The United States, for example, has advanced liberty in some areas and degraded liberty in other areas. In the past there was much more economic liberty, but that was before slavery ended and before women and minorities were given the right to vote.

But generally it is assumed that the late nineteenth century in the western world, for all its flaws, had many of the characteristics of a libertarian society.

Many statists will immediately point to the flaws and say that it is the flaws that libertarians advocate. They are not interested in a true discussion or debate, only trying to find some ammunition, no matter how ludicrous, with which to try to tar libertarianism.

Then there's the temporal fallacy.

Due to advances in technology, there are amenities available today that were not available then. But there were advances then that were not available before then. True, compared to a modern factory, an earlier factory from the late 1800s would seem rather crude and dangerous – but it is better than what existed before then.

The fallacy is that everything that happened then is judged by today's standards. Thanks to advances in technology and worker productivity, companies can afford many more safety features than they were able to in the past. Those advances were not available then; therefore they were not implemented then. To the person committing the fallacy, that those advances were not implemented then is an unforgivable sin.

The fallacy is judging a factory from the 1880s by the standards of the 2010s. Of course it won't measure up. The factory must be judged in the proper context.

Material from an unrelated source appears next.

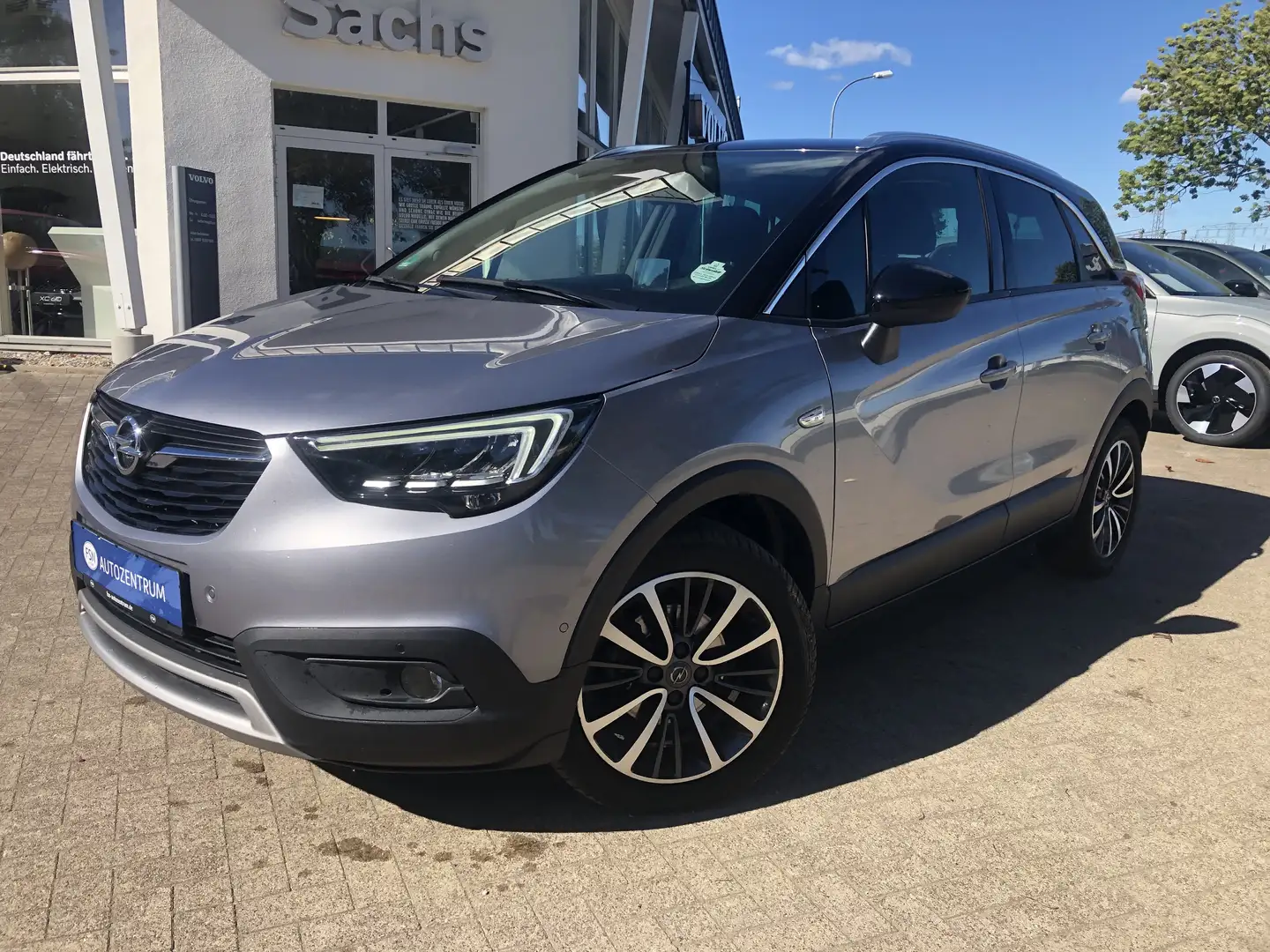 Opel Crossland X 1.2 Ultimate Anhängerzug Grau - 1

The factories of the day were, in general although there were exceptions, as safe as they could have been given the resources they had. People worked there because they were safer than other occupations and paid more than other occupations.

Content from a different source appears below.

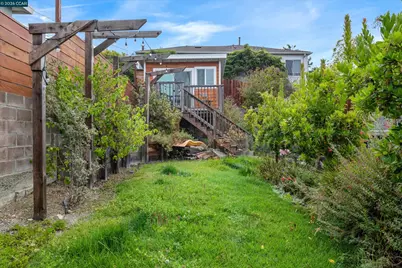 7830 Shevlin Pl, El Cerrito, CA 94530 - Photo 23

Yes, they didn't have closed circuit computer controlled safety systems. Of course those who commit this fallacy, when hard pressed, will admit that they don't expect closed circuit computer controlled safety systems, but then immediately turn around and deplore unmentioned safety protocols available today.

Conditions then were still an improvement over previous conditions. The economic liberty of the late 1800s created greater prosperity. And it is that same prosperity created then that enabled the more advanced technology available today - and the same prosperity that enables people to commit the temporal fallacy.